Estimated average cash rent per acre of cropland in North Dakota from 2005 to 2011. Estimated average cash rent per acre of cropland in North Dakota from 2005 to 2011.
Estimated average per-acre values of cropland in North Dakota from 2005 to 2011. Estimated average per-acre values of cropland in North Dakota from 2005 to 2011.
Buyers and renters should not be blinded by the many positives and ignore potential negative outcomes that could occur.

A strong uptrend in North Dakota cropland values and rents started in 2004 and accelerated with higher grain prices starting in 2007.

Grain prices peaked in 2008. Farm profit was the highest in a generation, and land values increased 20 percent that year. However, crop prices declined into 2009, and the increase in land values slowed substantially.

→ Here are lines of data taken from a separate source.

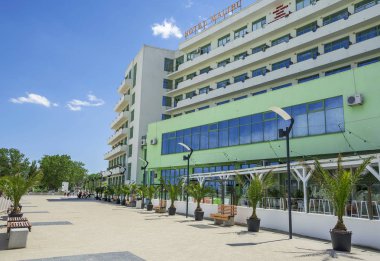 Güzel bahar günü , Karadeniz sahilinde , Mamaia plajda, Romanya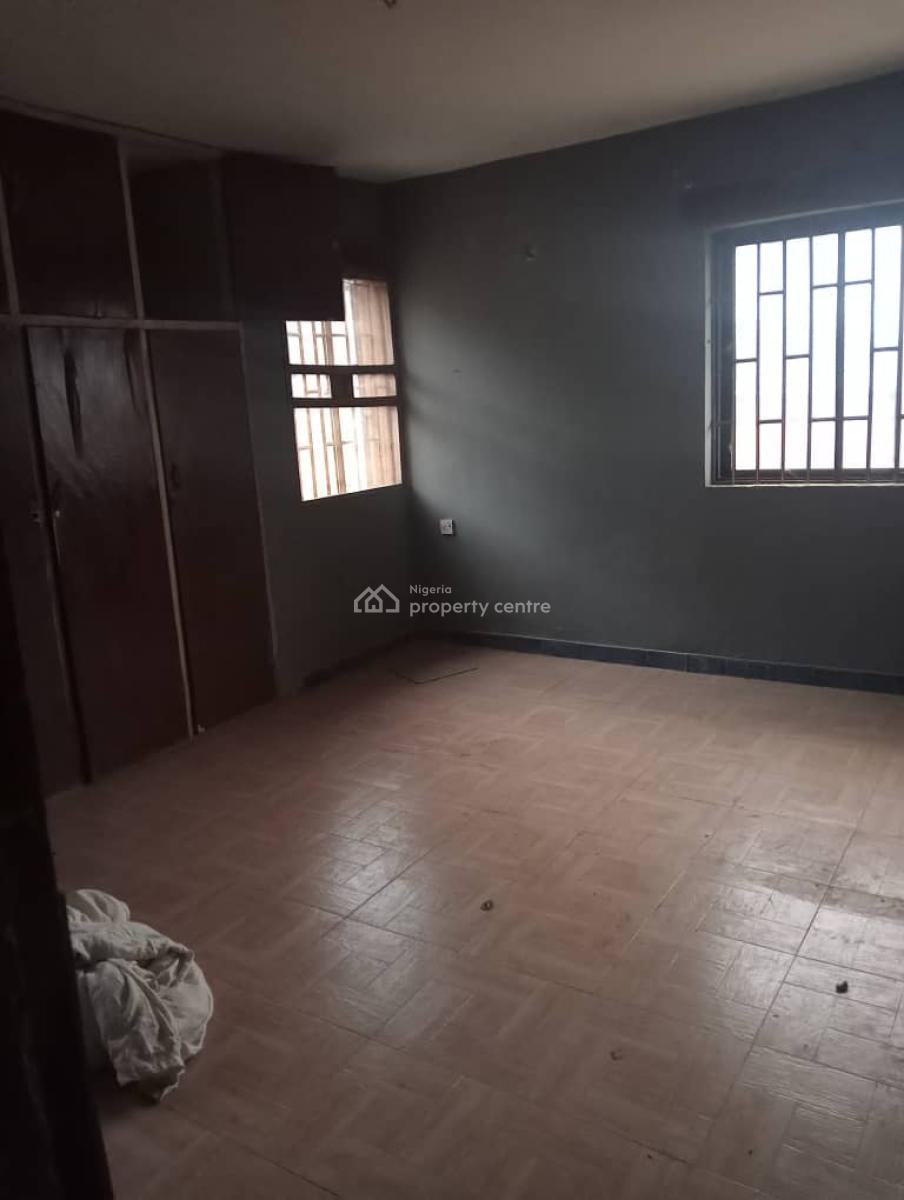 3 Bedrooms Flat, Olowora, Magodo, Lagos, Flat / Apartment for Rent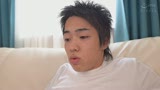 好みの配達員が来るとパンツを脱いでお出迎え！マ〇コを見せつけ誘惑する淫乱奥さん　小早川怜子12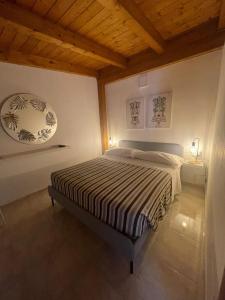 sypialnia z łóżkiem w pokoju z drewnianym sufitem w obiekcie -DIMARTINO HOME- Posizione centrale 9 min da Marzamemi San Lorenzo Portopalo di Capo Passero w mieście Pachino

“Unfortunately, from 2003 to 2008, production costs rose to record highs,” says Andy Swenson, North Dakota State University Extension Service farm management specialist. “Costs nearly doubled for many crops, which necessitated higher prices to make a profit.”

At the beginning of 2010, expectations were modest and it looked like land values would be relatively flat. They were flat through the first half of the year, but then circumstances for grain producers took an abrupt positive turn. Prices rallied because of less world grain production than expected and, with strong yields, North Dakota producers were able to take advantage of it. Land values and rents were reignited, and annual increases of nearly 20 percent for land and 10 percent for rent were indicated in a January 2011 survey.

Swenson bases his calculations on surveys conducted by the North Dakota Agricultural Statistics Service.

What does the future hold?

“Many economists have been wondering whether we have been working toward a bubble in the farm real estate market,” Swenson says. “If that is the case, we certainly blew the bubble bigger in 2010.”

However, Swenson thinks that 2010 was a lesson in how difficult it is to predict land values. There are many factors involved, but the big three on the demand side are projected profitability, financial capacity of potential buyers and interest rates. All came back into alignment about midway through 2010 to fuel the land market. All remain aligned for 2011. However, it can change quickly, especially profitability, as grain prices demonstrated in a positive way during 2010.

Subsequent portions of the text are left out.